The Imarat Garvand cemetery (İmarət Qərvənd qəbristanlığı), or simply as the Imarat cemetery (İmarət qəbristanlığı) is a royal cemetery and a complex located in Aghdam, Azerbaijan. It contains the graves of some of the Azerbaijani and Turkic nobility of the Karabakh Khanate.

== History ==
The Mausoleum of Panah Ali Khan, the founder of the Karabakh Khanate, and the first khan of Karabakh, dates back to the 18th-19th centuries and is located in the complex. It is adjacent to another tomb, that of Panah Ali's son, Ibrahim Khalil Khan. Panah Ali Khan's tomb has an entrance gate. The entrance door has an arched structure. The tomb has a polygonal conical plan structure hosting inside the grave of the deceased. There is also a bust of Khurshidbanu Natavan in front of the tombs.

=== Modern period ===

The Armenian forces captured Aghdam in July 1993, during the First Nagorno-Karabakh War. The heavy fighting forced the entire population to flee eastwards, making Aghdam a ghost town. As part of an agreement that ended the Second Nagorno-Karabakh War, the town and its surrounding district were returned to Azerbaijani control on 20 November 2020.

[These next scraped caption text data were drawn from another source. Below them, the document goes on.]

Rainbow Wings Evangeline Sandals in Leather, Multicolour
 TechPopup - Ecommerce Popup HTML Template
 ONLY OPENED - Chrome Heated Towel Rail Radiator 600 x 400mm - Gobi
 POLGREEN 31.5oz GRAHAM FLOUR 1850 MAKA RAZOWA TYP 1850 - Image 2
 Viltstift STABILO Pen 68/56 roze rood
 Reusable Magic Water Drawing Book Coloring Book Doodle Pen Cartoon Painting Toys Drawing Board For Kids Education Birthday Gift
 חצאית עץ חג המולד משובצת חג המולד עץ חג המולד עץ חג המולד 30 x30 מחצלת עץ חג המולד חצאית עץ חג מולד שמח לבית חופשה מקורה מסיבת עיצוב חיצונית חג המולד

According to the US Department of State the sacred and historic 18th-century tombs of Imarat Garvand Cemetery, the city's "Martyrs' Alley," were among the cemeteries throughout Aghdam that had been desecrated, looted, or destroyed. Western diplomats who visited Martyrs' Alley reported that there were holes where bodies had formerly been interred and that there was just one damaged tombstone left in the cemetery. However, a report by the Caucasus Heritage Watch of Cornell University states that the mausoleums of Ibrahim Khalil Khan and Mehdi Qoli Khan Javanshir in the cemetery had remained largely unchanged and well-preserved since the Soviet period. Furthermore, the mausoleum of Panah Ali Khan sustained major damage sometime before 2004 and the tomb of Khurshidbanu Natavan was destroyed and vandalized.

== Notable burials ==
- Panah Ali Khan, the founder and first ruler of the Karabakh Khanate.
- Ibrahim Khalil Khan, the third khan of Karabakh.
- Mehdi Qoli Khan Javanshir, the fourth and last khan of Karabakh.
- Jafargulu agha Javanshir, Azerbaijani poet and a major-general of the Imperial Russian Army.
- Govhar Agha, Azerbaijani poet and daughter of Ibrahim Khalil Khan.
- Khurshidbanu Natavan, Azerbaijani poet and daughter of Mehdigulu Khan.
- Khanbika Khanum, Azerbaijani poet and daughter of Khurshidbanu Natavan.